Anjana Susarla: Analytics behind March Madness bracketology

March 14, 2018

Anjana Susarla is an associate professor in the Department of Accounting and Information Systems in the College of Business

It has been estimated  that at least a quarter of American adults fill in a bracket for March Madness. Yet, given the range of possible match-ups in the weeks of the tournament, it has been suggested that the odds of randomly filling out a completely perfect NCAA tournament bracket are about one in nine quintillion.

Each and every year, statisticians and mathematicians use quantitative insights to predict winning teams and brackets. This could include a variety of metrics, like factoring in the relative frequency, or rarity of upset victories. For instance, the popular website BracketOdds analyzed data and found that until now, a team with a No. 16 seed has never beaten a No. 1 seed in the round of 64. Models like these help statisticians make predictions, but are not perfect.
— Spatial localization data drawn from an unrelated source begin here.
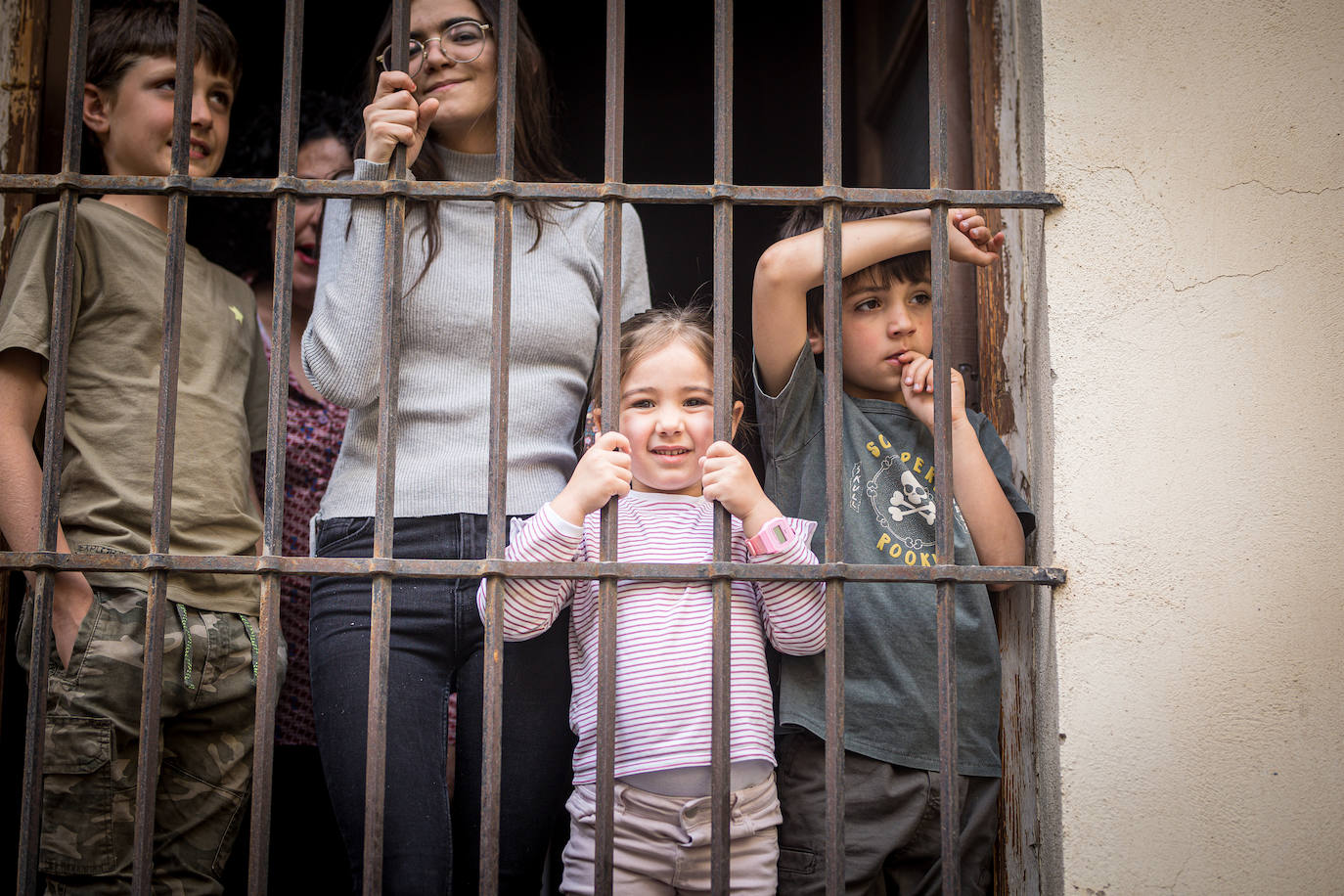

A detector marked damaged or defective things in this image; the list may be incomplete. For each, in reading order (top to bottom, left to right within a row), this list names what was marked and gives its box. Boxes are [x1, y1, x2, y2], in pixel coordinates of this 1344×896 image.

rusty iron bar [15, 0, 89, 891]
rusty iron bar [127, 3, 199, 891]
rusty iron bar [246, 0, 307, 891]
rusty iron bar [362, 0, 408, 891]
rusty iron bar [478, 0, 518, 891]
rusty iron bar [0, 170, 1058, 209]
rusty iron bar [0, 548, 1069, 588]
rusty iron bar [594, 0, 623, 891]
rusty iron bar [709, 0, 741, 891]
rusty iron bar [811, 3, 843, 891]
rusty iron bar [924, 0, 967, 891]
cracked wall surface [1037, 0, 1344, 891]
While there are a number of mathematical models, Masseyratings contends that three critical metrics matter most when filling out your bracket: the score, location and date of every game that really matter.

An alternative strategy bracketologists take is to look at key elements that correlate most closely to winning: shooting, turnovers, rebounding and free throw proficiency.
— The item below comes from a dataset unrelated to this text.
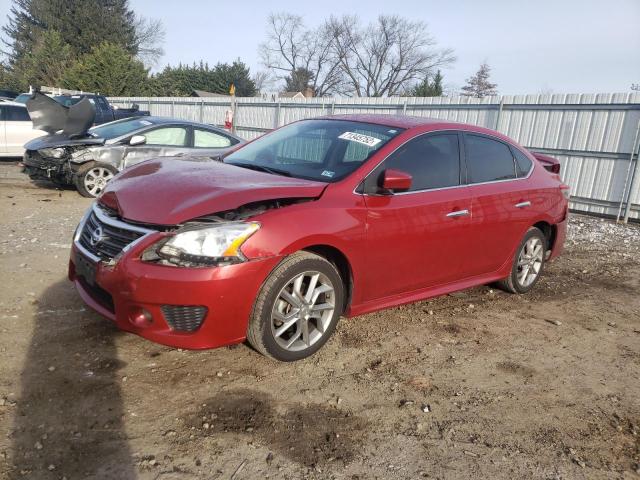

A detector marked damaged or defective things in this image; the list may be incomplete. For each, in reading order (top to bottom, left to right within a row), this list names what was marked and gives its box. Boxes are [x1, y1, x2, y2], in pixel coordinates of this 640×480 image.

crumpled car hood [25, 92, 95, 138]
crumpled car hood [101, 158, 330, 225] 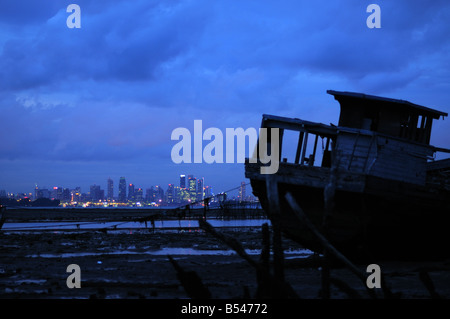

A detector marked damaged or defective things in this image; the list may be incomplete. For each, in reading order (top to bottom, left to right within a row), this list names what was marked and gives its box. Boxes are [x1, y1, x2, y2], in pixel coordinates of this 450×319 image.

broken hull [248, 175, 450, 262]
With a revolution underway in Artificial Intelligence and Machine Learning, and computing powered through the Cloud, anyone could build predictive models that can tweak the above metrics. For instance, Google Cloud, in partnership with the NCAA, allows anyone to ask questions such as, "Do players dunk more if they have 50,000 followers?" which can be answered using machine learning capabilities. Machine learning can also be used to classify "upsets."

In other words, it is possible to take a predictive model with a few key metrics, and tweak it to incorporate additional data sources and additional quantitative insights. Such predictions can be further refined by aggregating multiple forecasts, which is the chosen approach of a Team Rankings.

Once the NCAA announces the seeds - a ranking of the teams in the tournament - we can use historical data from seed teams, along with probabilistic information from betting markets, and combine this with data from sites like Yahoo, where millions of people submit their bracket picks. Using genetic algorithms, Team Rankings tries to pick winners by pitting them against a series of simulated pools and tournament outcomes.

As data suggests, Kansas is a highly-beatable No. 1 seed for 2018 NCAA March Madness. Bracketologists from SportingNews say that the data suggests the Jayhawks look primed for an early exit yet again, ranking 34th in 4FS, doomed by virtually zero production from the free throw line and poor rebounding. Using the same data set, our MSU Spartans will get to the Elite 8 and fall to Duke, and Cincinnati will end up taking the national championship.

You might have a one in nine quintillionth chance of getting a perfect bracket, but following some data science and predictive modeling might get you a few steps closer.